ABOUT THIS TASK: Pull out each line of the data that includes the word "with".

== AVAILABLE DATA

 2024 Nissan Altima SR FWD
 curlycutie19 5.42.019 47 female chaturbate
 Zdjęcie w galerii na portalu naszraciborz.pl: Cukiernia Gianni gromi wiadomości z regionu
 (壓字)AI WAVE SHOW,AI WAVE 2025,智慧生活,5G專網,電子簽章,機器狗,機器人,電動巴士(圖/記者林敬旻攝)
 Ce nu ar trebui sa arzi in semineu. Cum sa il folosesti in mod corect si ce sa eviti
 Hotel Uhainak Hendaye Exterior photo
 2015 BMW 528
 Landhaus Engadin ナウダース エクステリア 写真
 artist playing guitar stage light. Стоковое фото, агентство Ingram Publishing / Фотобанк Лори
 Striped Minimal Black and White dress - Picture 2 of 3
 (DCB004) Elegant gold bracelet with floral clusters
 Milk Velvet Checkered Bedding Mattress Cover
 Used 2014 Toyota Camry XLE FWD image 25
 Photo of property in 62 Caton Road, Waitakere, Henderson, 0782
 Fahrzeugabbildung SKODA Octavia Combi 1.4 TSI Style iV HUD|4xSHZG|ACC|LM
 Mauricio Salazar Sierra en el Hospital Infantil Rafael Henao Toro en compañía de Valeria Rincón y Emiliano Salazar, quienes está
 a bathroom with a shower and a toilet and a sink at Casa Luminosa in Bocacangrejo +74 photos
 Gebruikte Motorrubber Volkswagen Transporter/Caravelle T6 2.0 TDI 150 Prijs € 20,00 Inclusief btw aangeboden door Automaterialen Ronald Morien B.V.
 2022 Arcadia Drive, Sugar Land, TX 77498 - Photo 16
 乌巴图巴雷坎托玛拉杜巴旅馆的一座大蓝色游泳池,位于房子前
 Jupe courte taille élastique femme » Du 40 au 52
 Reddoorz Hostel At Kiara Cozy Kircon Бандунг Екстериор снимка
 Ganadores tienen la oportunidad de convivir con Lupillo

====

EXERCISE RESULT:
 (DCB004) Elegant gold bracelet with floral clusters
 a bathroom with a shower and a toilet and a sink at Casa Luminosa in Bocacangrejo +74 photos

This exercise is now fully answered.